# Use rolling deployments
<a name="deployment-guardrails-rolling"></a>

When you update your endpoint, you can specify a rolling deployment to gradually shift traffic from your old fleet to a new fleet. You can control the size of the traffic shifting steps, as well as specify an evaluation period to monitor the new instances for issues before terminating instances from the old fleet. With rolling deployments, instances on the old fleet are cleaned up after each traffic shift to the new fleet, reducing the amount of additional instances needed to update your endpoint. This is useful especially for accelerated instances that are in high demand.

Rolling deployments gradually replace the previous deployment of your model version with the new version by updating your endpoint in configurable batch sizes. The traffic shifting behavior of rolling deployments is similar to the [linear traffic shifting mode](https://docs.amazonaws.cn/sagemaker/latest/dg/deployment-guardrails-blue-green-linear.html) in blue/green deployments, but rolling deployments provide you with the benefit of reduced capacity requirements when compared to blue/green deployments. With rolling deployments, fewer instances are active at a time, and you have more granular control over how many instances you want to update in the new fleet. You should consider using a rolling deployment instead of a blue/green deployment if you have large models or a large endpoint with many instances.

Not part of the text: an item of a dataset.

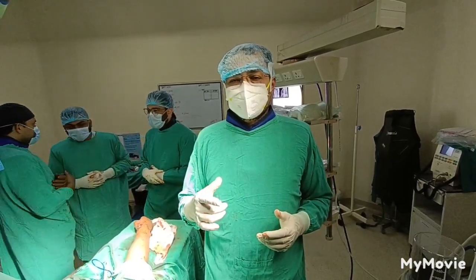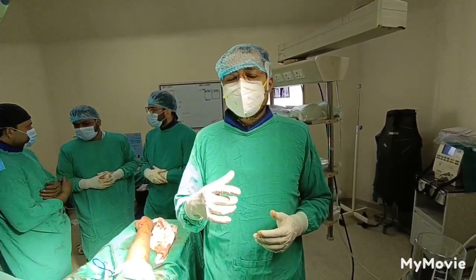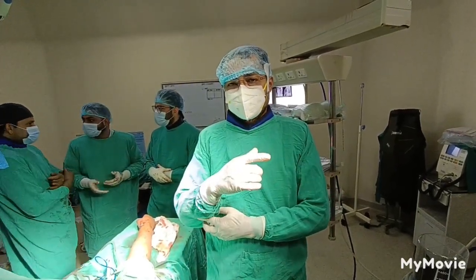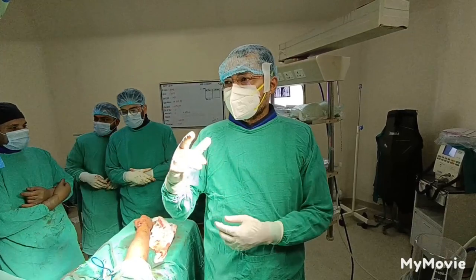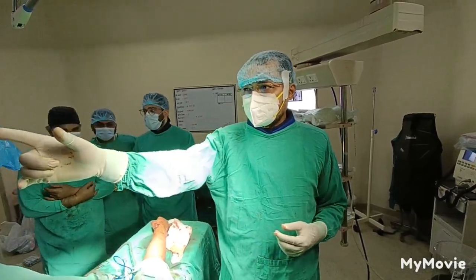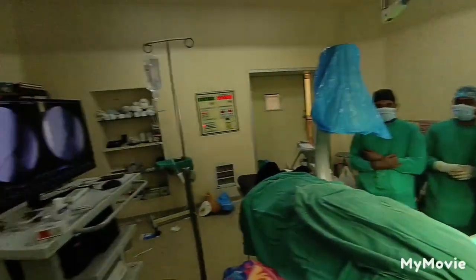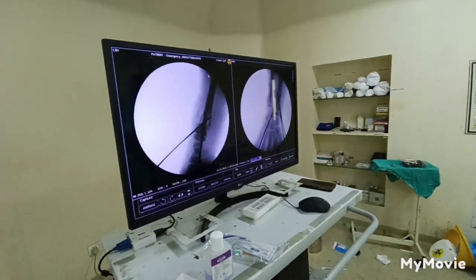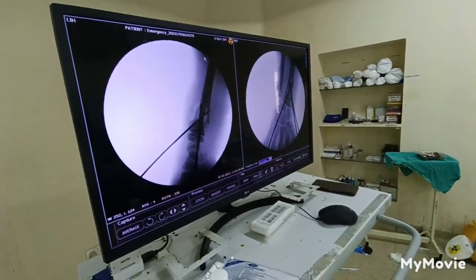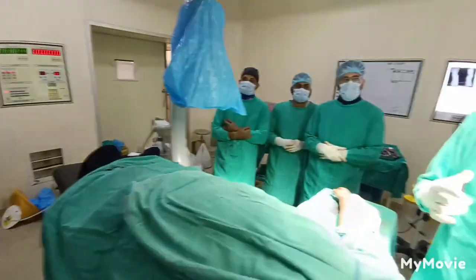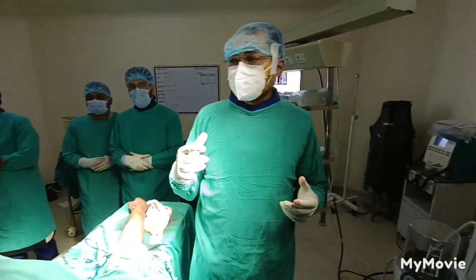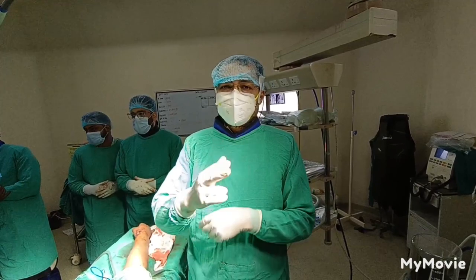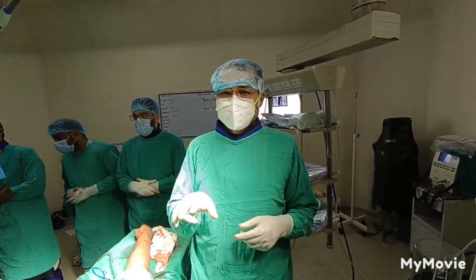So we did an anterograde TEN nail of the ulna. After that we obtained acceptable reduction. We then passed 3 K-wires — two from the radial styloid and one from the dorsal ulnar junction of the radius.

The following list describes the key features of rolling deployments in Amazon SageMaker AI:
+ **Baking period. **The baking period is a set amount of time to monitor the new fleet before proceeding to the next deployment stage. If any of the pre-specified alarms trip during any baking period, then all endpoint traffic rolls back to the old fleet. The baking period helps you to build confidence in your update before making the traffic shift permanent.
+ **Rolling batch size.** You have granular control over the size of each batch for traffic shifting, or the number of instances you want to update in each batch. This number can range for 5–50% of the size of your fleet. You can specify the batch size as a number of instances or as the overall percentage of your fleet.
+ **Auto-rollbacks. **You can specify Amazon CloudWatch alarms that SageMaker AI uses to monitor the new fleet. If an issue with the updated code trips any of the alarms, SageMaker AI initiates an auto-rollback to the old fleet in order to maintain availability, thereby minimizing risk.

**Note**  
If your endpoint uses any of the features listed in the [Exclusions](https://docs.amazonaws.cn/sagemaker/latest/dg/deployment-guardrails-exclusions.html) page, you cannot use rolling deployments.

## How it works
<a name="deployment-guardrails-rolling-how-it-works"></a>

During a rolling deployment, SageMaker AI provides the infrastructure to shift traffic from the old fleet to the new fleet without having to provision all of the new instances at once. SageMaker AI uses the following steps to shift traffic:

1. SageMaker AI provisions the first batch of instances in the new fleet.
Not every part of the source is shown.